代々木公園を走るランナーをサポートしコミュニケーションの場としても機能する『ランニングステーション』を運営する田原さんは、「地域に根ざした“ホーム感”も大事だが、遠方から代々木公園を走りにやって来る訪問者の視点も大事にしてほしい」と、新しい論点を提起します。

それに呼応してファシリテーターの小泉は、「プレイスメイキングの考え方に立って、その《場》が単なる《スペース》ではなく、意義ある《プレイス》になるためには、人を惹きつけるものがあることが大切」と語りました。

「ストリートバスケで面白いのはプレイだけじゃない。代々木のコートでは、実際にはプレイをしないおじさんおばさんやおじいちゃんおばあちゃん、また若いカップルなど、いろんな人が観て楽しみにやって来る。そうした人達とプレイヤーが雑談をし交流している様子は、他の場所ではなかなか見られない」と海老原さん。これもまた、“人を惹きつけるもの”のひとつでしょう。

今回登壇した皆さんや、来場者の方々のなかには、スタジアム構想によって、こうした大切な場が無くなってしまうのでは、と気がかりのある方も多かったのではないかと思われます。
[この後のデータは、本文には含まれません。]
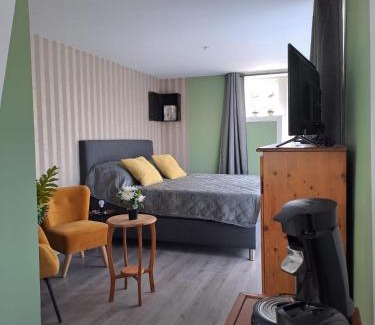 Minnertsga Bed & Breakfast | Guest-Rated B&B Het Oude Doktershuys with Dining Options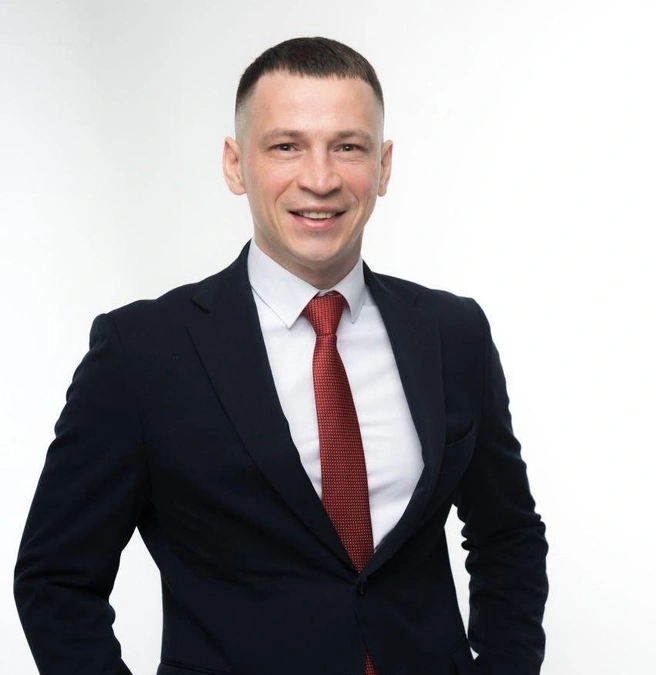 Сергей Богданов уже готовится к заплыву | Источник: Сергей Богданов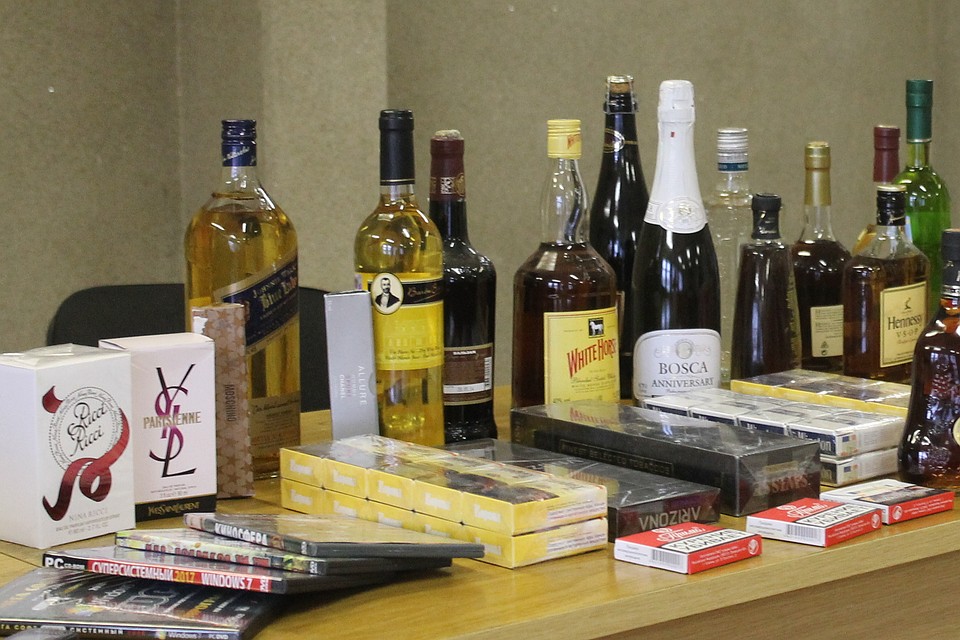Непорядочные граждане подделывают все: пищевые продукты, сигареты, презервативы, духи...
小泉はこう語り、今回の貴重なトークセッションをまとめました。

「スタジアムを作るにあたって、代々木公園が今持っている多様な、場所としての意味をどう継承、発展していくことが出来るのか、が重要なポイント。スタジアムが利用者にとって“自分たちの場所”になるには、特定の事業者等が案を練りすぎるのではなく、“使う人が自分たちで作り上げられる余地“を残すことが大事だと感じました」

イベント終了後も、パネリストとファシリテーターがステージ脇に残り、目を輝かせて意見交換を続けていた姿が印象的でした。